[[ DATA, beginning ]]
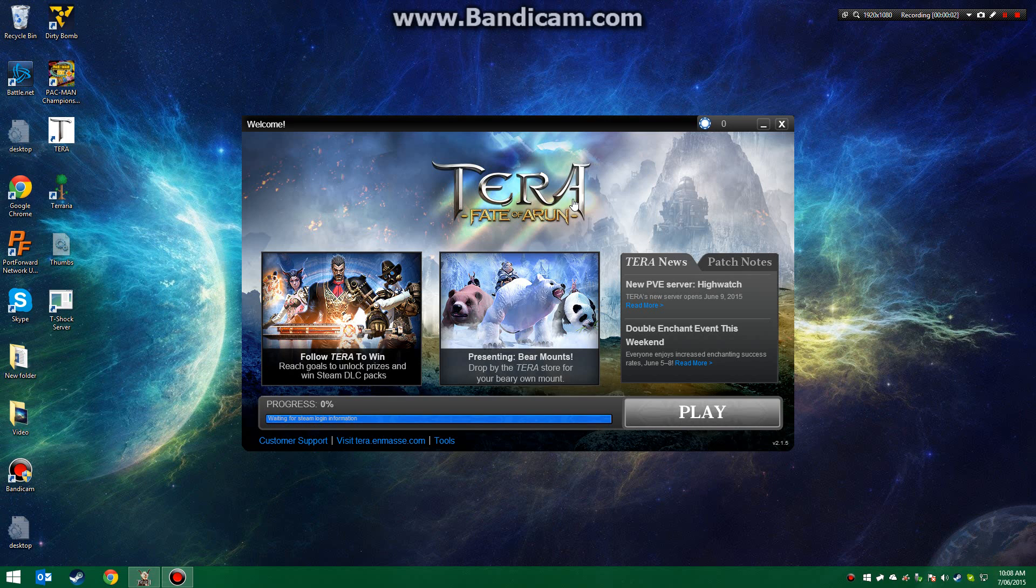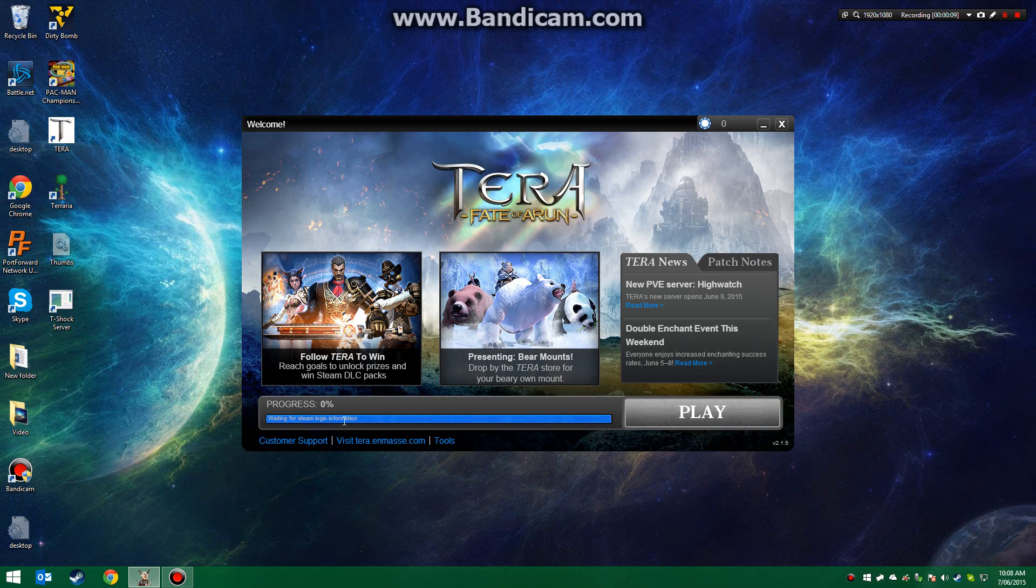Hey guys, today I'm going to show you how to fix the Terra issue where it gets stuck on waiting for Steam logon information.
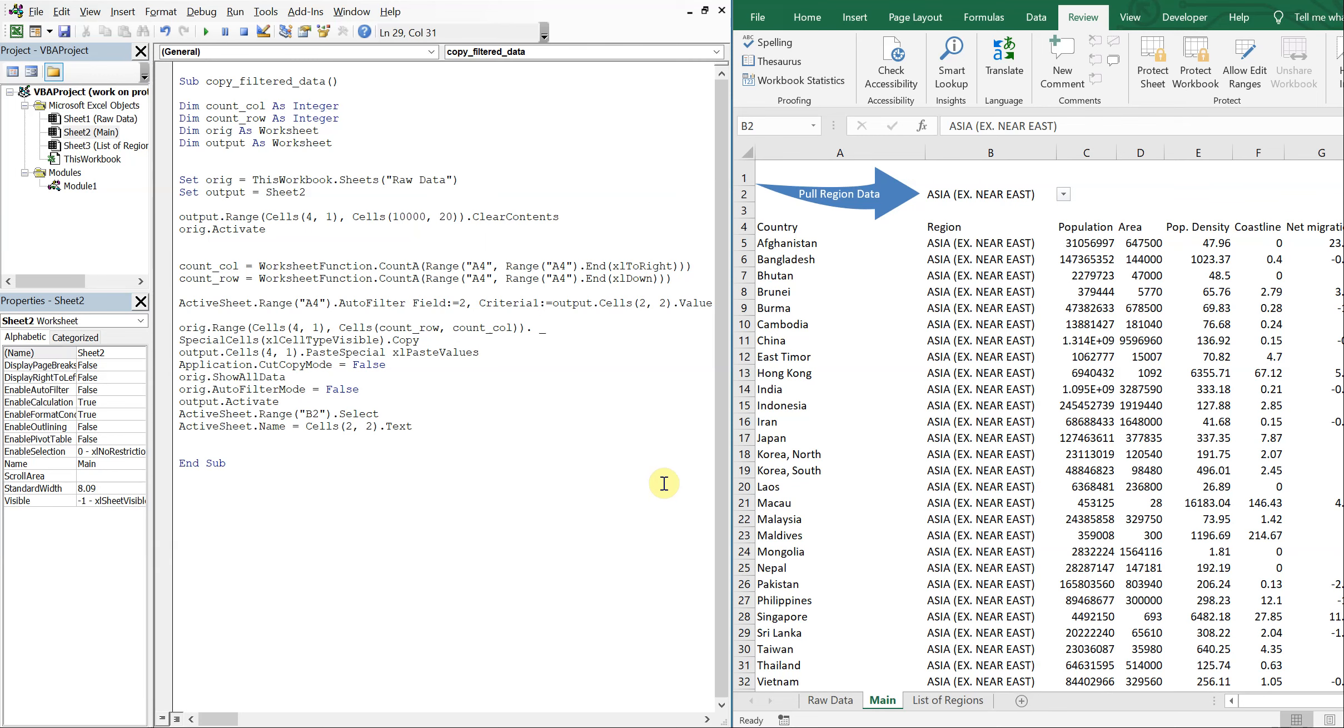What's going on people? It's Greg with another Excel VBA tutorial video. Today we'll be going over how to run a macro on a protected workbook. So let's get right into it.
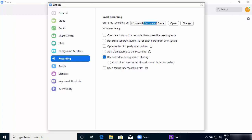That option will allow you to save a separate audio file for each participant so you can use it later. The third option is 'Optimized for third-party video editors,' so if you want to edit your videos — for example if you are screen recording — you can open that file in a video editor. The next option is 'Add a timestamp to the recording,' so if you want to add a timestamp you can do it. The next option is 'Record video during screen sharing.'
[[ DATA, end ]]
• _WORK REQUEST_: Output each line of the listing above, word for word, from the one holding "What's going on" through the last line, both included; omit the pictures.

• _ANSWER TO THIS TASK_:
What's going on people? It's Greg with another Excel VBA tutorial video. Today we'll be going over how to run a macro on a protected workbook. So let's get right into it.
That option will allow you to save a separate audio file for each participant so you can use it later. The third option is 'Optimized for third-party video editors,' so if you want to edit your videos — for example if you are screen recording — you can open that file in a video editor. The next option is 'Add a timestamp to the recording,' so if you want to add a timestamp you can do it. The next option is 'Record video during screen sharing.'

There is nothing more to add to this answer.